This is the kind of situation where I can become easily frustrated. There are days where I do very little and can admit that it's because I was being lazy and really liked the book I was reading. There are also days, however, where I do very little because despite all of my trying, things just aren't going to happen and I might as well join the group of people drinking tea. Mornings can be fairly productive. But after lunch is designated tea-time and it goes down-hill from there. Men sit in groups, just to sit. Students from the local technical school can be seen wandering after classes alone or in pairs - kind of studying, kind of greeting people, kind of just walking. Slowly. Even women, who are ALWAYS working in Mali, will take hours and hours in weekly money gathering groups chatting, braiding hair, and drinking tea. Plus then you're already out so you might as well take the 30 minute walk to visit that one random person - and look! They've just started tea. We'd better stay until at least the second round.
It's taking time for me to get used to the idea that we don't do as much as we possibly can in one day, that we sit. I'll find myself thinking of all the things that could get done while we sit, which just leaves me aggitated. I'm (slowly) learning to appreciate just sitting, and to not schedule too much in a day - to barely schedule at all, really. Market days, for example, are in a town 6 km away. If I was functioning on American time-tables, I could leave F. around 8:00 AM , spend an hour doing my weekly shopping (with time to spare), grab a coke on the way out, and be back by 10:30. But then what the hell would I do with the rest of my day? As it is, I try to head out between 9:00-10:00 AM. I wander around greeting people I know in the market until I run into my host mom so we can do the weekly what-I-buy-for-the-family shopping together. Then we take that stuff back to her donkey cart, say our I'll-see-you-soons, and I wander back to some of the same market stalls to grab some stuff for myself. After that, I head over to the shop where my bike is kept to drink a cold soda and chat with people, and then head home at around 2:00-2:30 PM. It's a process. And that is what it all comes down to, and what I have to remind myself daily - it's a process. Being here makes me think it really was a good idea to have 'patience' tattooed on my foot.
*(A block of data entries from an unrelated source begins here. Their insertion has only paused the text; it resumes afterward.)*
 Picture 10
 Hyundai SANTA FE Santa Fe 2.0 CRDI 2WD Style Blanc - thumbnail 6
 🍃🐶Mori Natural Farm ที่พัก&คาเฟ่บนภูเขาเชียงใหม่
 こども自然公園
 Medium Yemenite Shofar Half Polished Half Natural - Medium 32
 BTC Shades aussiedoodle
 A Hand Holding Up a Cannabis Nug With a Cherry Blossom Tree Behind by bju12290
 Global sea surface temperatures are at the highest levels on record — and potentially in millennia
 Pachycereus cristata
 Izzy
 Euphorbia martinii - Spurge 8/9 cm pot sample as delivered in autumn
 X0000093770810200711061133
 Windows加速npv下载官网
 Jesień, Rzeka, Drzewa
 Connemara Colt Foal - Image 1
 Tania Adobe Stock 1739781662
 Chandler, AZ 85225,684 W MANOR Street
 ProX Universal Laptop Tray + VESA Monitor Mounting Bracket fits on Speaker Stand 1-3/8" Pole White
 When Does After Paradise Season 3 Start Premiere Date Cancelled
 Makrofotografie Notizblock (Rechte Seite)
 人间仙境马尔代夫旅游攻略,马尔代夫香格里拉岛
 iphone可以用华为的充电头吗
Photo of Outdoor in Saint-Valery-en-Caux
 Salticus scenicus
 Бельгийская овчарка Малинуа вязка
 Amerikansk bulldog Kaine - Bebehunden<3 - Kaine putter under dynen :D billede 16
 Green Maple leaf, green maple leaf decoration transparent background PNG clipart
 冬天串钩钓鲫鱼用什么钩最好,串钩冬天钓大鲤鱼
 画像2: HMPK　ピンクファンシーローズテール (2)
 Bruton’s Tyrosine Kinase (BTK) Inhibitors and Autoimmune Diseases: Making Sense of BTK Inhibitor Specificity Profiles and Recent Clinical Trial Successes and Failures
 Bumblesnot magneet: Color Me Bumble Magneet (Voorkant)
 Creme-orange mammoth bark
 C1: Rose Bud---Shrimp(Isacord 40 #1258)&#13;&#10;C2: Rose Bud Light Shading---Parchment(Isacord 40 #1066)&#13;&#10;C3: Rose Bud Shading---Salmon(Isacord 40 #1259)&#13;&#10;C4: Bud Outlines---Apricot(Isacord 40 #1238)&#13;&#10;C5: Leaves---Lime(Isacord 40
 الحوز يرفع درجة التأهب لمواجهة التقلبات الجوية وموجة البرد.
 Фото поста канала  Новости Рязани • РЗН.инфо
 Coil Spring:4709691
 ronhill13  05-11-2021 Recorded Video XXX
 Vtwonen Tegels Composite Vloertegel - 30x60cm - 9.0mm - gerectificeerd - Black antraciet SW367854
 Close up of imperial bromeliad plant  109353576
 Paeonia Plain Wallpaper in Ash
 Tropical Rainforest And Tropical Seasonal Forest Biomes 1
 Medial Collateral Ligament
A Few of my Favorite Things (10/26)
I eat with my host family every day except Saturdays (Sunday is market day, so the family meals on Saturdays are usually very bland and not-so-appatizing). I eat with them because it's hard to deal with only being able to get food stuffs once a week and not having any way of preserving it the rest of the week, because that way my host family gets more of a variety in their diet, because I'm 'busy' and kinda lazy, but mostly because it keeps me from sitting by myself too much and getting lonely. It can be easy to hole myself up and start down the dangerous path of "if I was in America right now...," so I generally try to steer clear of that. When I'm with my host family, or other friends in F., I may not understand them all of the time but at least I have a connection - something to keep me rooted here and now.
So anywho, for dinner I'll head over between 6:00-7:00, eat around 7:30, and play a round of Skip-Bo with my host mom sometime after. This, obviously, leaves a rather large chunk of time just sitting (as much of my days do), in which I meditate on my day. If something or someone upset me, I'll try to figure out the whats & whys so that it's less likely to happen again. If my temper flares or I become upset & agitated for no reason multiple times &/or days in a row, I'll make a note of it in my journal to keep track and make sure I'm not sinking into something bigger than I can handle.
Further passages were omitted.